In relation to the removal of the derogation, new policies and procedures must be in place before the second stage of implementation of the Act, including the removal of the derogation, can proceed. Under section 17 of the 2005 Interpretation Act, the Council can complete drawing up these policies and procedures prior to commencement of the relevant parts and sections of the Act and this will be done in stage one.

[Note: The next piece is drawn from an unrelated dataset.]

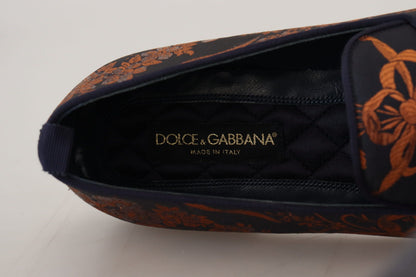 Dolce &amp; Gabbana Blue Rust Floral Hausschuhe Loafers Schuhe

The second stage of the implementation of the Act will deal with the new procedures for registration of pharmacists and pharmacy businesses under Part 4 of the Act, the conditions for conduct of a retail pharmacy business, including 3 years post-registration experience for supervising pharmacists, Part 7 of the Act on the investigation of alleged offences, breaches of codes or professional misconduct, regulations for supervision of the sale and supply of medicinal products and, in the interest of public safety, new conditions for registration of pharmacists in terms of forensic and linguistic competency. Once these new policies and procedures and the new regulatory regime for pharmacists and pharmacy businesses, are put in place by the Council, it will be possible to revoke the 1962 Pharmacy Act and remove the derogation.